HOW TO COMPLETE THIS TASK ->
Transcribe each record exactly; skip any picture.

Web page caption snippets
☆ ☆ ☆ ☆ ☆ ☆ ☆
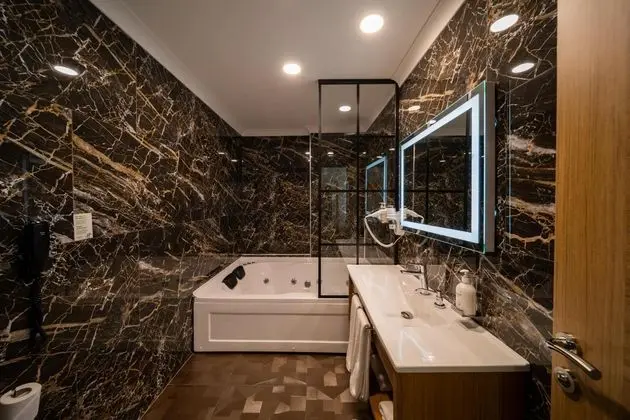 Roof suite,Kara Manzaralı,Jakuzili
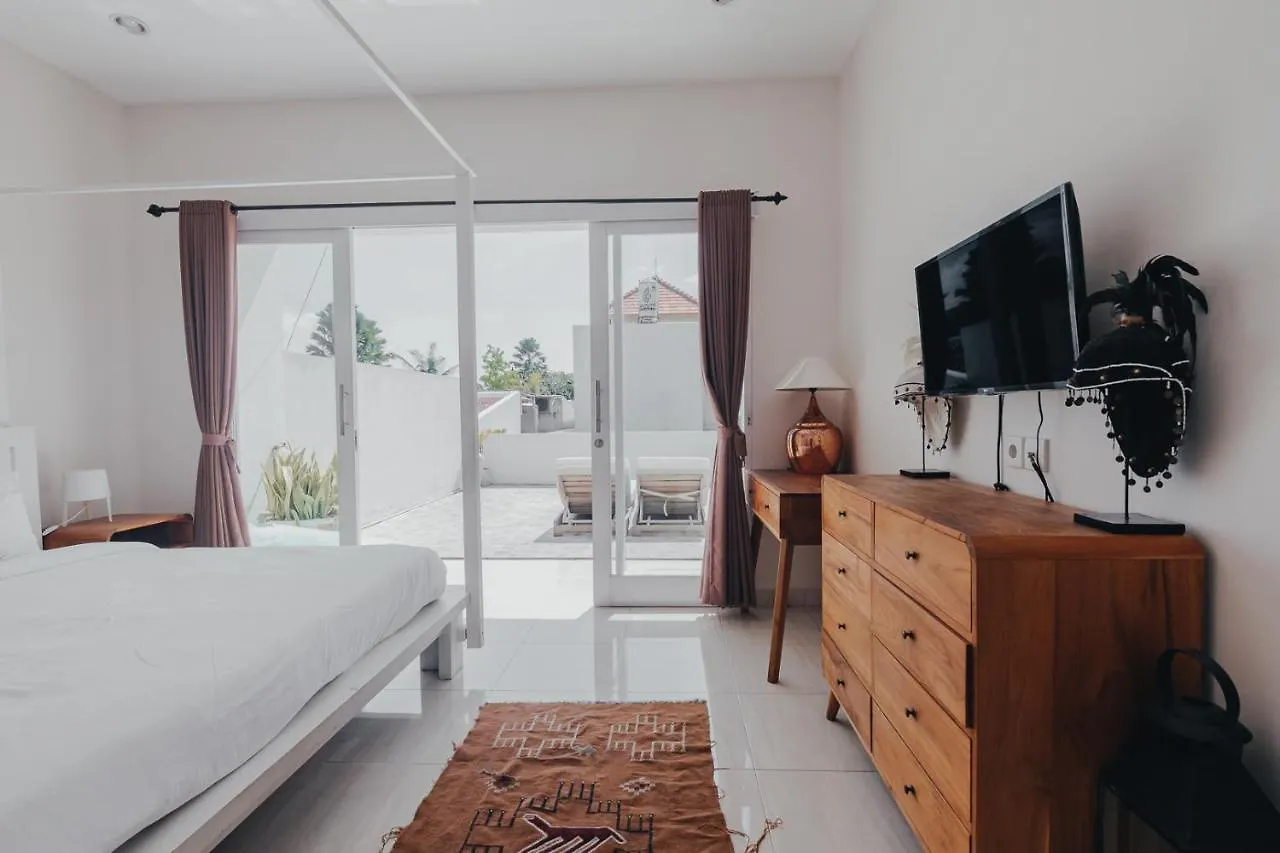 Affordable 2Br Private Pool Villa, Central Seminyak, Bali Seminyak (Bali)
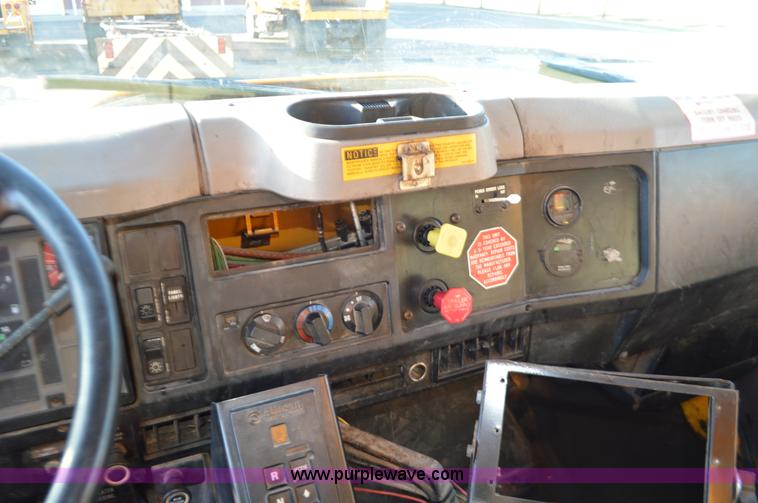 image for item L4656 2002 International F2554 dump truck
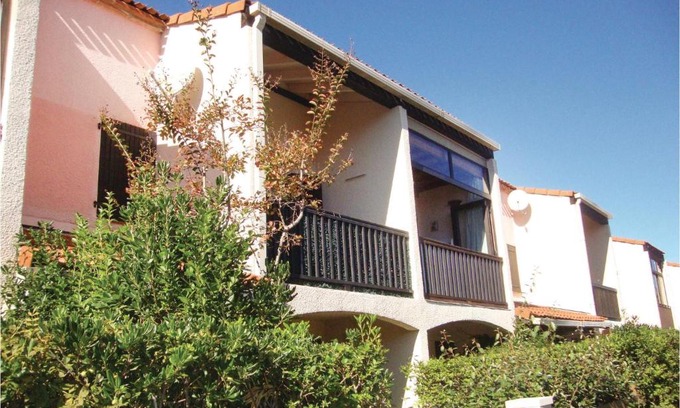 Plage d'Argeles Apartment | Stunning apartment in Argels-sur-Mer with 3 Bedrooms and WiFi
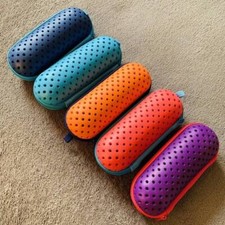 Case für Schwimmbrillen Etui Box Brillenetui mit Ösen Abfluss EVA Brillenetui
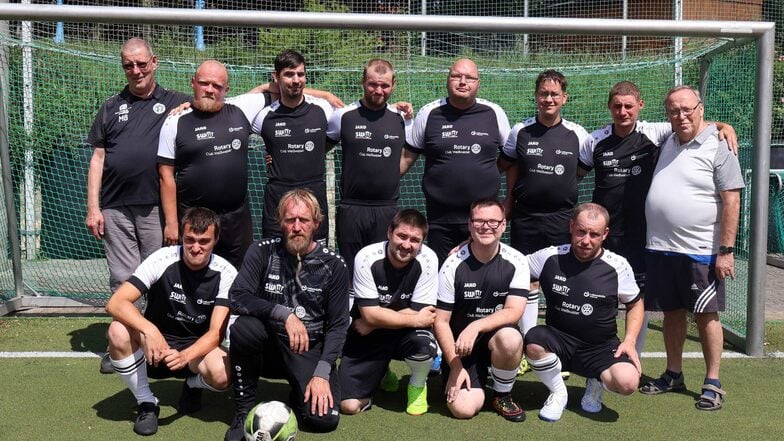 Daumen drücken! Das Behinderten-Team des VfB (hier mit Trainer Bernd Höhne/re.) tritt bei den Deutschen Meisterschaften der Werkstätten für behinderte Menschen an.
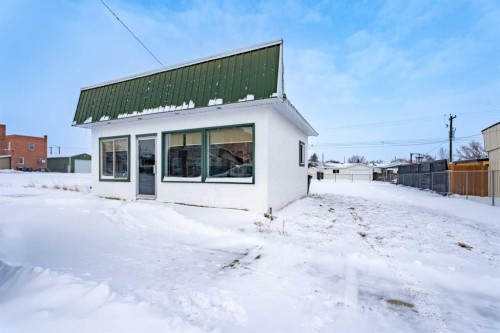 5076 50Th Avenue, Stavely, AB 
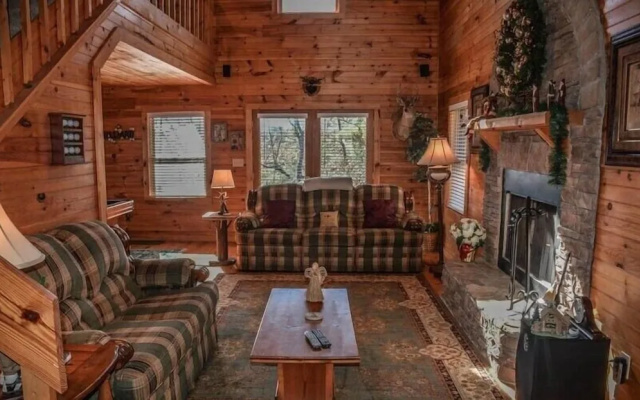 photo 2 of Mountain Rivers Lodge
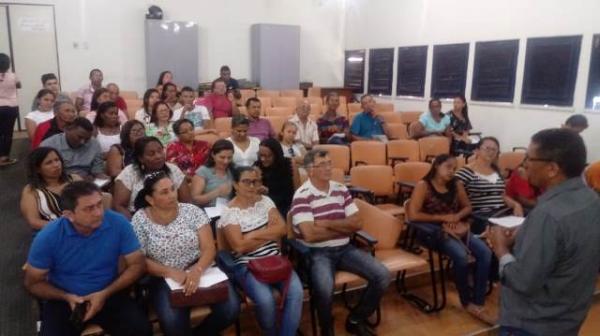 Sindicato dos Trabalhadores Rurais de Floriano debate mudança na Previdência Social.(Imagem:FlorianoNews)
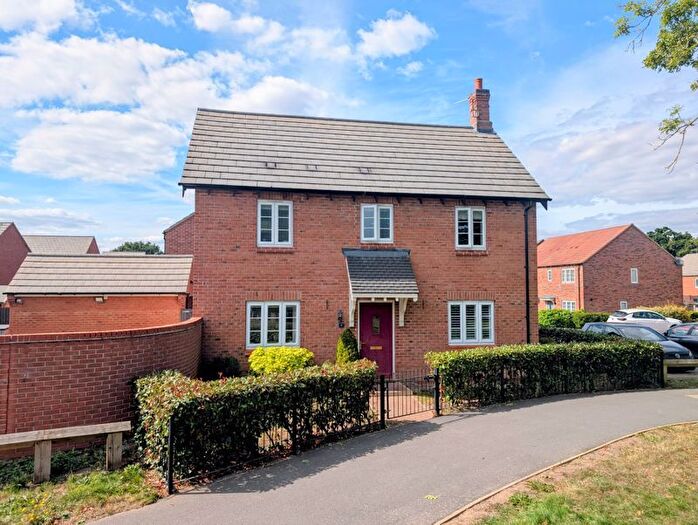 3 Bedroom Detached House For Sale In Skylark Fields, Weddington, Nuneaton, CV10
☆ ☆ ☆ ☆ ☆ ☆ ☆
OUTPUT OF THE EXERCISE ->
 Roof suite,Kara Manzaralı,Jakuzili
 Affordable 2Br Private Pool Villa, Central Seminyak, Bali Seminyak (Bali)
 image for item L4656 2002 International F2554 dump truck
 Plage d'Argeles Apartment | Stunning apartment in Argels-sur-Mer with 3 Bedrooms and WiFi
 Case für Schwimmbrillen Etui Box Brillenetui mit Ösen Abfluss EVA Brillenetui
 Daumen drücken! Das Behinderten-Team des VfB (hier mit Trainer Bernd Höhne/re.) tritt bei den Deutschen Meisterschaften der Werkstätten für behinderte Menschen an.
 5076 50Th Avenue, Stavely, AB 
 photo 2 of Mountain Rivers Lodge
 Sindicato dos Trabalhadores Rurais de Floriano debate mudança na Previdência Social.(Imagem:FlorianoNews)
 3 Bedroom Detached House For Sale In Skylark Fields, Weddington, Nuneaton, CV10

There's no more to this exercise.